DreamDB TODO Roadmap
Snapshot 2026-05-15 (original), refreshed 2026-05-18 after the 10B-scale push (B1–B8 all ✅). Companion to 0002-known-flaws-retrospective.md (what's wrong) and 0003-scope-boundaries.md (where things belong).
Status as of 2026-05-18: every P0 SDK + CLI item listed below has shipped. Every P1 item that was on the 10B-blocker critical path (B1 streaming iter, B2 sharded ingest / union-merge, B3 sharded redispatch, B4 prefix-sharded GC, B6 rayon hash_vector, B8 tombstones) has shipped. The roadmap below is preserved as a historical snapshot; the authoritative current TODO is
design/0006-10b-scale-blockers.md("Quality-of-life follow-ups" section) plus the README's "Honest gaps" list.
This was the consolidated TODO across all four layers (Protocol / SDK / Operator / App) plus cross-cutting work. Priorities:
- P0 — blocks the canonical ML workflow (pull dataset → sweep → branch → compare). All ✅ shipped by 2026-05-18.
- P1 — significant production value; needed at 100M+ scale or for regulated deployments. Most ✅ shipped via 10B push.
- P2 — nice-to-have, future iteration.
Effort is rough LOC for code or roughly weeks for cross-cutting work. "Spec change" = needs a numbered amendment to spec/*.md.

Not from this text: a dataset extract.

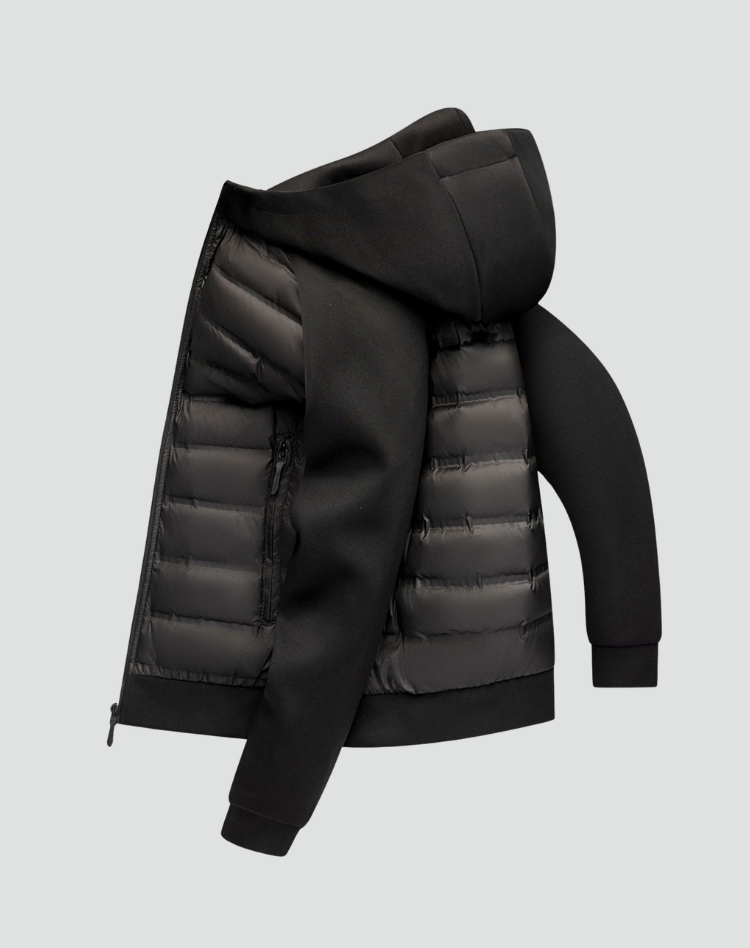 Winterjas heren hybride gewatteerde puffer met capuchon 7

P0: Make the sweep workflow first-class
The user-visible goal: user pulls dataset → sweep processing/training → adds tracks on a branch → compares results. This list is the minimum delta from where we are today.
SDK (Layer 2)
| Item | What | Effort | Depends on |
|---|---|---|---|
Dataset::add_embedding_layer | Mirror of existing add_scalar_layer. Lets a branch add a new embedding modality (e.g. embedding_bert_v2) without re-ingesting source data. Publishes new SI + new Track + new Manifest. | ~80 LOC | Phase 3.1 (chain-aware lineage) — done |
Dataset::snapshot(label) -> DatasetVersion | Real impl of the existing stub. Creates a named Ref at current tip via If-None-Match: * PUT. Returns a DatasetVersion capturing the manifest hash + label. | ~50 LOC | Dataset::branch — done |
Dataset::open_at(ref_or_snapshot) | Sibling of open() that takes a snapshot label OR a manifest hash; pins reads to that exact state. | ~30 LOC | snapshot |
Dataset::iter_arrow_batches(batch_size, fields, shuffle_seed) | Stream RecordBatches. Walks selected modality Tracks, joins by record ordinal, emits typed Arrow columns. Embeddings as FixedSizeList<f32>; images as Binary; scalars typed. | ~300 LOC + 1 new dep (arrow-array) | — |
dreamdb_dataset.torch.DreamDBDataset | IterableDataset subclass wrapping iter_arrow_batches. Supports num_workers > 0 via worker_init_fn partitioning by record-ordinal modulo. | ~150 LOC Python | iter_arrow_batches |
Dataset::compare_refs(refs, fields) -> Arrow table | Wide-form table: `record_id | field@ref_a | field@ref_b |
CLI (Layer 3)
| Item | What | Effort |
|---|---|---|
dreamdb-cli compare-refs --field <name> <ref-a> <ref-b> ... | Same as the SDK verb but command-line. Prints summary stats (mean/median diff for scalars; mean cosine sim for embeddings) and optionally writes the full Arrow table to a file. | ~100 LOC |
dreamdb-cli snapshot --ref <src> --label <label> | One-shot wrapper for Dataset::snapshot. | ~40 LOC |
dreamdb-cli inspect --ref <name> | Walk the Manifest DAG; print snapshot history with stats (record count delta, track delta, writer, ts) per snapshot. Useful for "what changed in the last 10 commits". | ~150 LOC |
Examples / App (Layer 4)
| Item | What | Effort |
|---|---|---|
examples/sweep_runner.py | End-to-end: open source, branch N times, run a fake training loop per branch, append results, exit. Use as a smoke test for the sweep workflow. | ~250 LOC |
examples/sweep_dashboard.html | Browser app: list all sweep/* refs, side-by-side comparison of scalar metrics, click-to-view individual records. | ~500 LOC (HTML+JS) |
examples/training_recipe.py | PyTorch fine-tuning loop using dreamdb_dataset.torch.DreamDBDataset. Snapshot before training, label snapshot after with model commit hash. | ~150 LOC |
examples/active_learning_loop.py | Demo: model.predict_uncertain → human labels → append → retrain on next snapshot. | ~200 LOC |
P0 total: ~2000 LOC across SDK/CLI/examples. Probably 2-3 weeks of focused effort.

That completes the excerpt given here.